"An Undue Burden"
August 29, 2013
And there is salvation in no one else, for there is no other Name under heaven given among men by which we must be saved. Acts 4:12
Jaleesa Martin and Jawaan McCullough are not married. That probably explains why they were arguing about the last name they were going to give to their youngest son. It also explains how their unfinished argument took the pair to the courtroom of Lu Ann Ballew, a child support magistrate in Tennessee.
Judge Ballew took a look at the case and did what she thought was best.
In this case, "best" means the judge didn't spend a whole lot of time talking about the child's last name; instead, she concentrated on the child's first name. Let me explain why. Jaleesa and Jawaan have two other sons: Mason and Micah. Quite understandably when their third son came into this world, they wanted to give him another "M" name.
The "M" name they decided on was "Messiah." That's right; their third son's first name is Messiah.

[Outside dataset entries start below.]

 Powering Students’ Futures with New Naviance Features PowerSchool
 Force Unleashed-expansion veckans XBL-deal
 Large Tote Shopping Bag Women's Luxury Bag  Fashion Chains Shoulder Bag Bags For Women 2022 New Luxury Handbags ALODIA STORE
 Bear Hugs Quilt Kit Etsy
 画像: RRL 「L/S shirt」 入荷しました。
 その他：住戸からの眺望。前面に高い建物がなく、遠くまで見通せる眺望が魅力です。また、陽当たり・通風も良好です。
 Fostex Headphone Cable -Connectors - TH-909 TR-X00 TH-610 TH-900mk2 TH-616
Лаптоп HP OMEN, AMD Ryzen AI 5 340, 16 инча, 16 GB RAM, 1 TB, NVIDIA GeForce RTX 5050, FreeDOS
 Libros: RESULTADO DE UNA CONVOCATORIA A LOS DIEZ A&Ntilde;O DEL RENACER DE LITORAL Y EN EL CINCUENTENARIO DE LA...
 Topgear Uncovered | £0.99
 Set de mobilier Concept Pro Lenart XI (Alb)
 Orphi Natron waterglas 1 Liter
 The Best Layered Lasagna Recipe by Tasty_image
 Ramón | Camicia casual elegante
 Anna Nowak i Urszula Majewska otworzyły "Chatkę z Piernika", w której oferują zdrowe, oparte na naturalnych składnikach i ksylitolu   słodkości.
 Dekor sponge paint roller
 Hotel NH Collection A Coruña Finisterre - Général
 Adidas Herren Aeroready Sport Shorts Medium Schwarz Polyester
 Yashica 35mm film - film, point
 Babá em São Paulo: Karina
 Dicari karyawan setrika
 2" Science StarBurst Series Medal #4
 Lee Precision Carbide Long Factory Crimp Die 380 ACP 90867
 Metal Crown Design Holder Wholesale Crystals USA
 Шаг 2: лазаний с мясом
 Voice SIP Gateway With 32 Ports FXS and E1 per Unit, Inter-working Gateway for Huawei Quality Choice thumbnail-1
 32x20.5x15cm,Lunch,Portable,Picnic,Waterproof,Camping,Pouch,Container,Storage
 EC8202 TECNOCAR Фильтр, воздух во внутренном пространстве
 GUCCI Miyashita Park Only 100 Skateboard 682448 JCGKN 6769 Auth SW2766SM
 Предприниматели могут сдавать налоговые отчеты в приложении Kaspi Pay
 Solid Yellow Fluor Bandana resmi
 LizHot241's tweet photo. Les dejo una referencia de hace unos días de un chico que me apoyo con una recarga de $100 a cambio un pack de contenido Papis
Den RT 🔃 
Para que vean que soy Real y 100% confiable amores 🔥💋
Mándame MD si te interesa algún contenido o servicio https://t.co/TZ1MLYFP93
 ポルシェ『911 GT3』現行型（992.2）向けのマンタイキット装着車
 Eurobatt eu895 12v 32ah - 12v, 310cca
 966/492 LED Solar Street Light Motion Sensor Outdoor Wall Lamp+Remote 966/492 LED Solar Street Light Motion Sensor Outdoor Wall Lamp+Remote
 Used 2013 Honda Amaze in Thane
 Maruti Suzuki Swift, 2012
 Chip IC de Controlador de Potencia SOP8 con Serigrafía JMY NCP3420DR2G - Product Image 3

Judge Ballew didn't like that. She said, "I'm going to change the baby's first name." Why? The judge explained: "'Messiah' is a title that is held only by Jesus Christ." She further ruled, "Giving this new baby the title only Jesus can rightly wear places an undue burden on him that as a human being, he cannot fulfill."
Shortly after that the judge gave the baby the name: Martin DeShawn McCullough.
In regard to her ruling, Judge Ballew probably made a mistake. There is little doubt that, according to the law, she has overstepped her authority. If the parents appeal the decision, something they say they will do, the ruling about the new first name will likely be overturned.
That being said, the judge was spot on concerning some of the things she noted in her verdict.
She was right when she said the name will place an undue burden on the child. That burden goes far beyond the nickname he will carry. Think about it. What nickname will the child have? Will people shorten "Messiah" to "Mess"? The judge was right: Christian adults will always think of Jesus, the Savior, when they use the child's name. That means, no matter how good this baby is, no matter how well-behaved and well-mannered he might be, he is never going to measure up.
He won't measure up because he is a sinner and the original -- the one-and-only Jesus of Nazareth -- was One-of-a-kind. Only He could live a perfect life and fulfill the Law; only He could resist every temptation the world and Satan put in His path, and only Jesus could carry our sins to Calvary's cross and die the death our transgressions had demanded.
Finally, only Jesus from Nazareth, having laid down His life, had the power to take it up again.
This is not to say that our boy, Martin DeShawn McCullough, will not rise from the dead. With Holy Spirit-given faith in Jesus of Nazareth, he will be forgiven, saved and, unless Judgment Day comes soon, he will rise from the dead.
Yes, Judge Ballew was right: Messiah is a title which can only rightly be held by one Individual: Jesus, the Christ, God's Son, our Redeemer, and the world's saving Messiah.
THE PRAYER: Dear Lord, I give thanks Your Son has done for me and all of humanity what we could not do ourselves. May the entire world give thanks for the salvation the Redeemer gives. In Jesus' Name I ask it. Amen.